# Adhesive Garmin Mount?



## JackMauer (May 11, 2019)

I am looking to mount my Garmin to the top tube because I am not to keen on having it stick on the handlebar and my stem is too short.

I found the following and it it looks awesome ...https://www.76projects.com/shop/51vz26zcy37ii3p2ual886rt1krtj7-xena5

... unfortunately it is currently out of stock and eventually it will ship from the UK.

Does anyone know of similar mounts? I scoured eBay but was only able to find the adhesive male part.

I'd appreciate it if anyone has any leads, otherwise I will try to sugru one of these to my toptube.

Thanks!


----------



## Tribble Me (Aug 27, 2012)

I was able (through google) to find an STL file of the male part and printed a couple of copies to use to glue to the back of phone cases. If you have access to a 3-d printer you may be able to find a file with the female part to print. Of course, you'd have to attach it to the bike somehow but that shouldn't be too hard.

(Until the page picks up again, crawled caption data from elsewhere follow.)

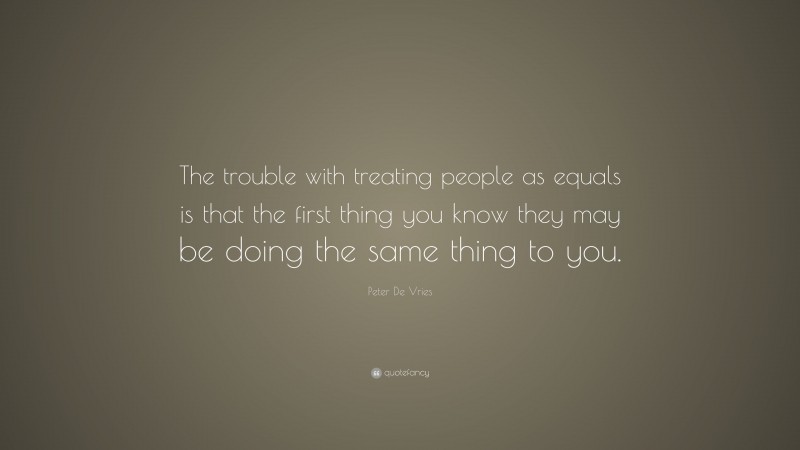 Peter De Vries Quote: “The trouble with treating people as equals is that the first thing you know they may be doing the same thing to you.”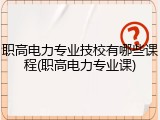 职高电力专业技校有哪些课程(职高电力专业课)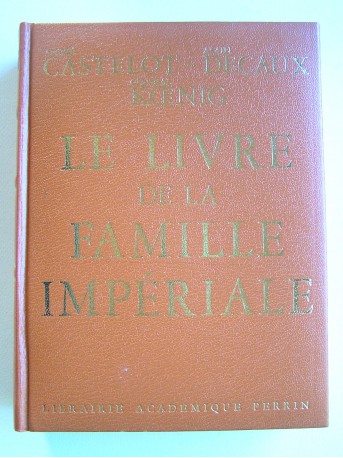 André Castelot, Alain Decaux et le général Koenig - Le livre de la famille impériale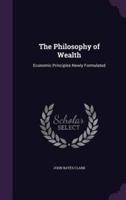 The Philosophy of Wealth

This part https://www.thingiverse.com/thing:2540442 looks like it is made to strap on with velcro or nylon strapping.


----------



## ghettocruiser (Jun 21, 2008)

Getting flat adhesive mounting plates to stick to curved tubes is a bit dicey


----------



## notso (Jan 22, 2015)

as far as the adhesive goes, get a roll of the foam core 3M VHB tape. I think it's the same stuff that go-pro uses on their adhesive mounts. the foam core will help somewhat with curved surfaces. If you're 3d printing a mount anyway, just make it match the frame tube shape.


----------



## thasingletrackmastah (Nov 15, 2005)

And something like this ?


----------



## JackMauer (May 11, 2019)

Thanks all! Looks like the models from thingiverse can be ordered on demand so i'll have a look around that site.


----------



## thasingletrackmastah (Nov 15, 2005)

Use a lanyard with all mounts, but especially with the 3D printed mounts


----------